An analysis by the U.S. International Trade Commission said that in six years, the T-MEC will raise U.S. real GDP by 0.35 percent and generate 176,000 jobs, especially in the manufacturing sector.
The Commission believes that the new pact will increase U.S. imports from Canada and Mexico, and equally so exports to those markets.
In 2017 Canada and Mexico were among the United States' largest partners.
The United States exported goods worth 292 billion dollars to Canada and 243 billion dollars to Mexico in 2017.
In comparison, the United States exported to China, its third largest customer, goods for only $130 million dollars.
Meanwhile, the leading global economy received products from Canada for $314 million dollars in 2017 and $299 million from Mexico.
Cars: higher wages
Car manufacturing was a key element. To be traded duty-free, T-Mec will require that 75 percent of the composition of the vehicles originate in the region, when under NAFTA the rate was 62.5 percent. Also, between 40 and 45 percent of it must be manufactured by operators who earn at least 16 dollars per hour.
Mexico has admitted to respecting the safety standards established by the United States, unless the Mexican authorities conclude that they are inferior to theirs.
At Canada's insistence, the United States agreed to maintain the system of dispute settlement among partners; formerly known as Chapter 19.

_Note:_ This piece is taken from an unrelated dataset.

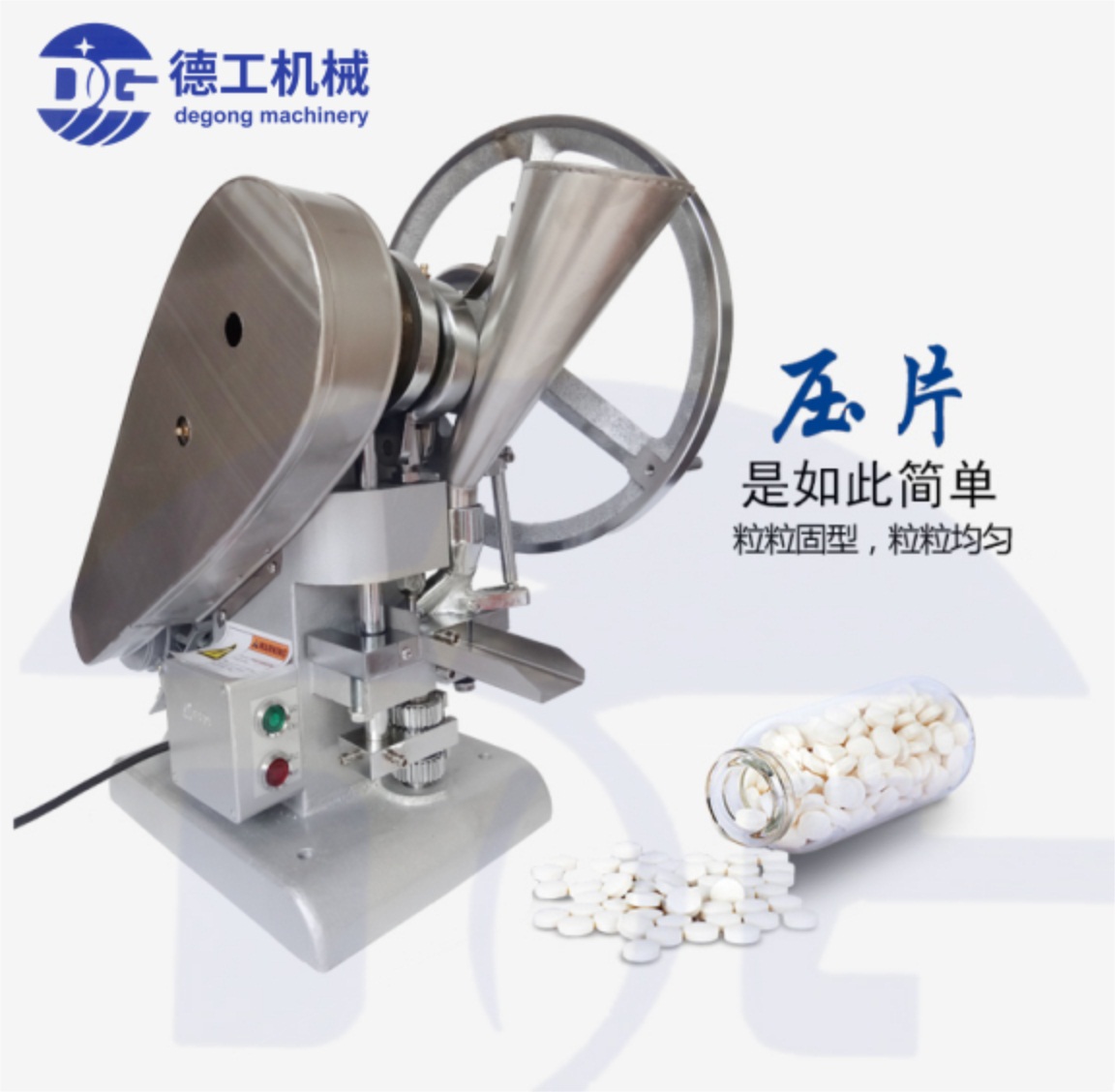 药片成型机小型单冲压片机铝合金单冲压片机手  小型中药压片机  广州小型单冲压片机  压片机厂家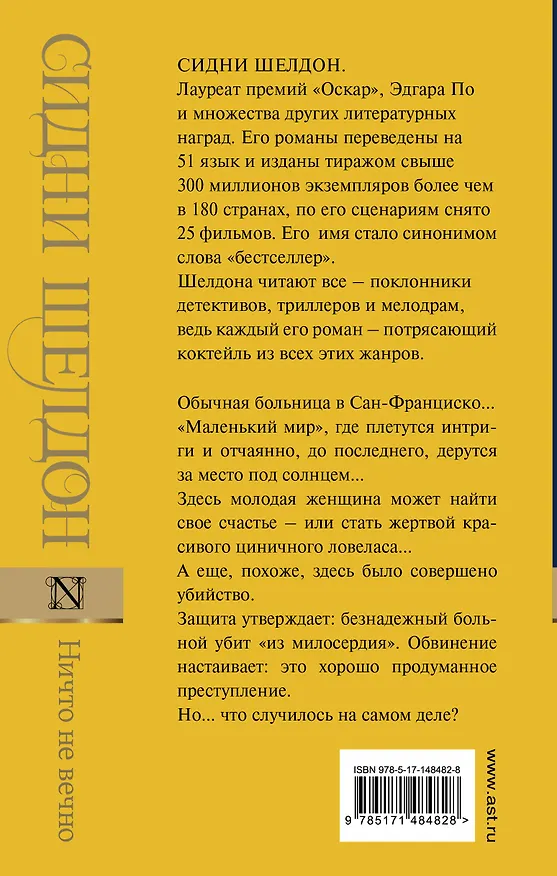 Книга Ничто не вечно (Сидни Шелдон) — 2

But some changes were made to the mechanism known as "Investor-State Dispute Settlement. Critics say this allows powerful companies and investors to override local laws or judgments through a mechanism that is not subject to arbitrations demanding accountability.
When NAFTA was born in 1994, digital trade hardly existed at all, but 25 years later it became a key negotiating factor for a new agreement. The T-MEC prohibits the application of customs duties to digitally distributed goods such as software, games, books, music and films.
It also restricts the power of governments to force companies to reveal ownership of source code or impose restrictions on where data can be stored.
Included in the agreement is a provision that seems designed to prevent Mexico or Canada from seeking a better agreement with Beijing.
If a signatory seeks a free trade agreement with an economy not considered as "market" - read China - the other parties can cancel the trilateral agreement and establish a bilateral one.
The new agreement will be in force for 16 years, but will be reviewed every six years. If the parties decide to renew it, it will be in force for another 16 years. But if a problem arises, a period of 10 years is opened to negotiate a solution and if it is not reached, the T-MEC will expire.